Et dans cette renaissance, je pus toucher, ressentir, les couleurs autour de moi. Je pus changer, agir, exprimer.
Peut-être que cette soirée était ma dernière, bien tant mieux. Je n'étais pas mort, je n'avais plus peur de vivre.
- Bonne nuit, baya Kuro, après un "Aïe" camouflé, provoqué par un choc contre le mur.
- Bonne nuit, dis-je pour la première fois, le regard posé sur le corps de Kuro plaqué contre le mur.
Il était ridicule.
* * *
Je partis dès que le soleil apparut.
Ce fût un combat atroce de forcer un crâne comprimé et des jambes en coton de se lever en silence avant 6h30.
Je fus surpris que mes efforts à réduire mes mouvements au silence était inutile, vu que Kuro semblait éveillé depuis un temps.
- Kuro. Son nom racla au fond de la gorge.
- Len.
Il semblait s'amuser de cette situation. Son sourire était incroyable, mais en toute franchise, sa tête au réveil était hilarante. Mon rire s'évapora avec hâte. Je voulais rester dans ce lit. Dans cette chambre. Connecté pour toujours à ce réseau de vie polychrome.
- Je dois rentrer chez moi.
- Je vois ça.
Il ne paraissait pas triste de mon départ.
- Ma soeur. Léa.
- Des gens t'attendent.
Il avait raison. Des gens m'attendaient, je faisais parti de ce quotidien, aussi monotone était-il, j'étais en vie, je la possédais. Même avec l'idée scellée au plus profond de mon âme de n'avoir aucun mérite à vivre, même avec ça, j'étais là, et c'était tout.
Je souris à Kuro.
C'était minuscule. Infime. Une poussière, pas exceptionnel.

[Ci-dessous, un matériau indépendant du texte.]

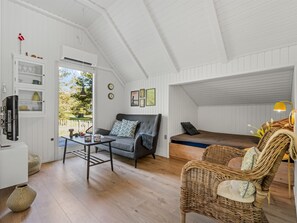 4 bedrooms, internet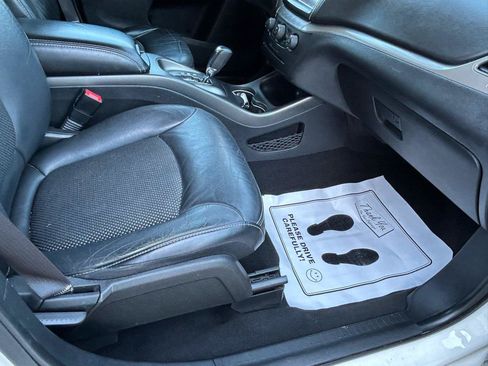 Used 2018 Dodge Journey Crossroad FWD image 12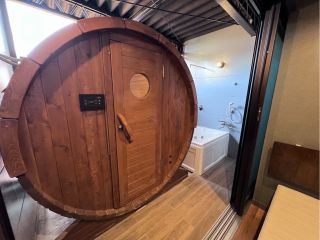 当館は天然シベリア杉を使用したバレルサウナを全室に設置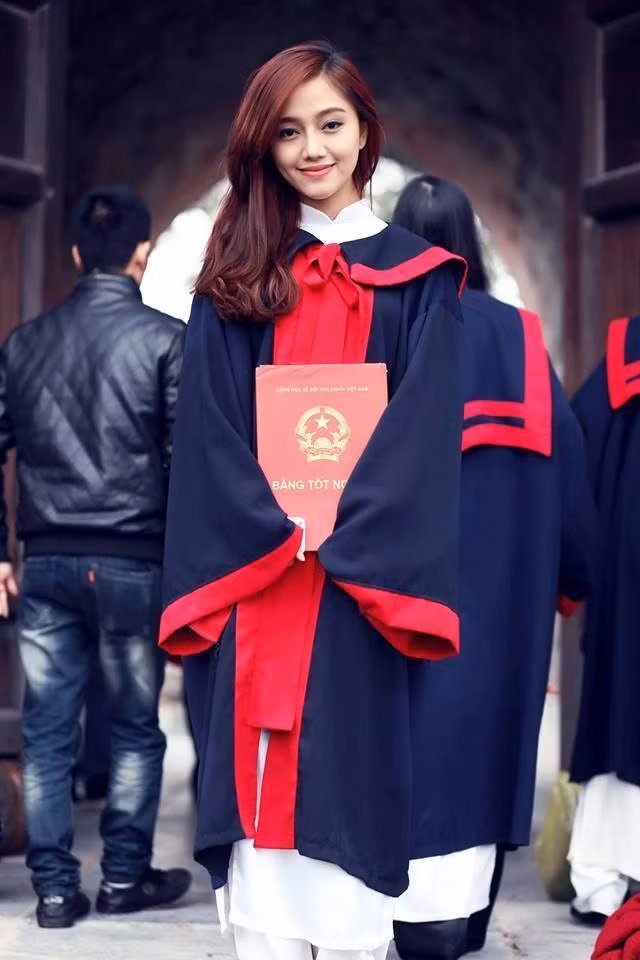 Với Đỗ Thị Vân Anh, cô hot girl, MC của Viện Đại học Mở Hà Nội, trò đùa trong ngày 1/4 sẽ là thử tỏ tình với một anh chàng để xem phản ứng như thế nào. Dù biết trò đùa của mình hơi “ác” nhưng cô vẫn muốn thử một lần.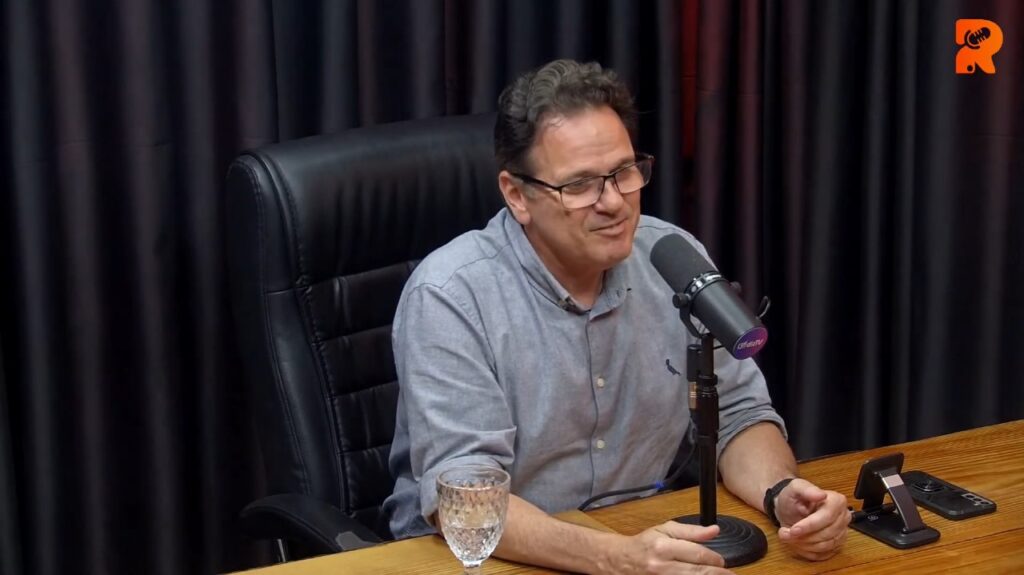 Dunshee, candidato à presidência do Flamengo, dando entrevista.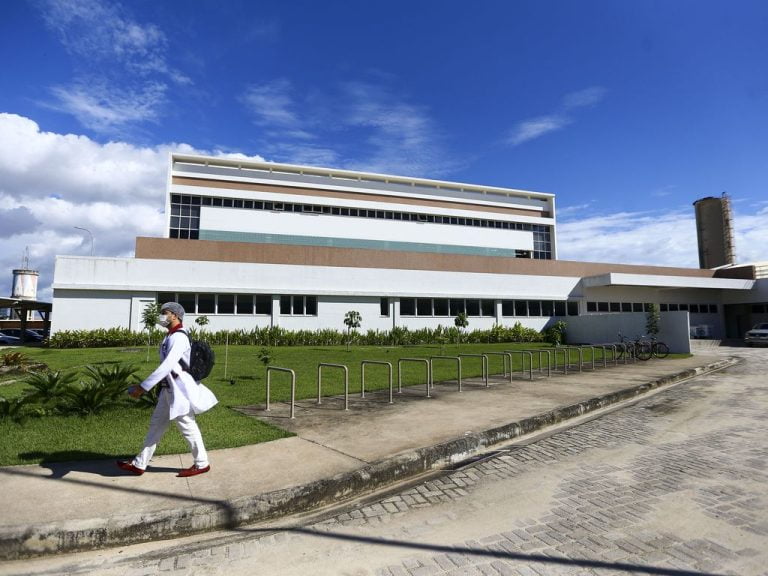 Carro fica destruído após bater em caminhão na rodovia Alexandre Balbo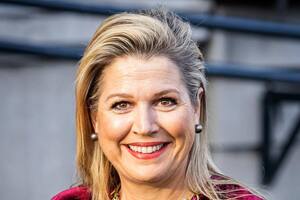 La reina Máxima Zorreguieta causó sensación con su look cuadrillé durante su más reciente actividad (Foto: Instagram @patrickvkatwijk)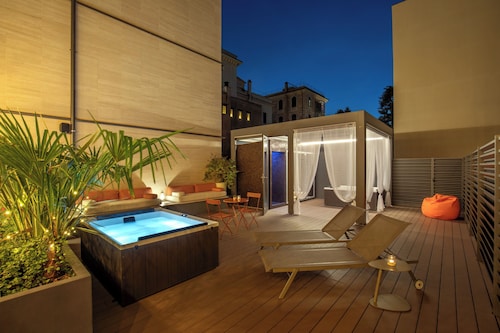 The Spring House Hotel Rome Vatican, Tapestry Collection Hilton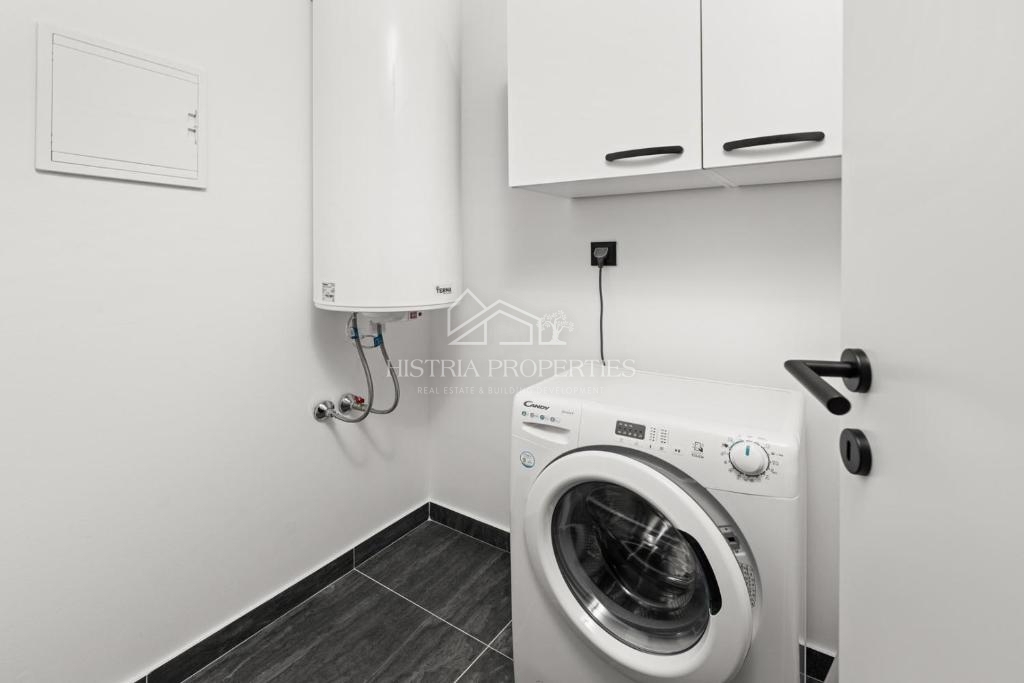 Obnovljena istrska kamnita hiša z bazenom v majhni, mirni vasici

Si je venais à mourir, je n'aurais pas d'hommage national, si je venais à souffrir, je compterais juste sur moi-même, ce sera catastrophique, personne ne m'aidera à respirer. Mais je serais en vie.
La vie, c'était immense. Peu importe ce que j'en faisais.
- Tu ouvres les yeux je te bute.
- Arrête de rendre tout ça dramatique. Dépêche-toi juste.
Je vérifiai une dernière fois qu'aucune pupille dilatée de désir hormonal m'observait, et me changeai.
- C'est bon. Je pris un élastique, attachai mes cheveux à l'aveugle, sous un regard contemplatif. Je te rappelle que toi aussi tu as cours. Tu devrais te préparer.
- Il est 6h25. J'ai le temps.
J'étais prêt. Je n'avais plus qu'à passer la porte. Seulement trop de choses m'attachaient à ce lieu.
Kuro et moi nous regardâmes. Il y avait tellement de choses maintenant. Tant, que je ne pus y penser.
Il n'y avait que ce cauchemar.
Ces formes.
Ces cris.
Cette étreinte.
Cette cicatrice.
- On ne voit pas ma cicatrice ? Interrogeai-je d'un coup, envahi de peur.
- Quelle cicatrice ?
Je soulevai mes cheveux, afin de lui montrer, loin des jugements, puis les relâchai.
- ...Non, finit par répondre Kuro, certainement la seule option adéquate dans sa marre de questions.
Alors je partis, sans un mot.
Je croyais bien qu'une fois loin de lui, le soleil n'existait plus.
J'arrivai au même moment que le facteur.
Les bus empruntés si tôt le matin étaient calmes, je m'étais englouti dans les sonates moroses conseillées par Léa.
Je pris directement le courrier des mains du facteur, sans accorder un regard à celui-ci. Il ne voulait pas les yeux d'un adolescent malade, torturé, de bon matin. Qu'il garde l'image de sa femme, de ses enfants, de son pain au chocolat, plutôt que celui de ma vie.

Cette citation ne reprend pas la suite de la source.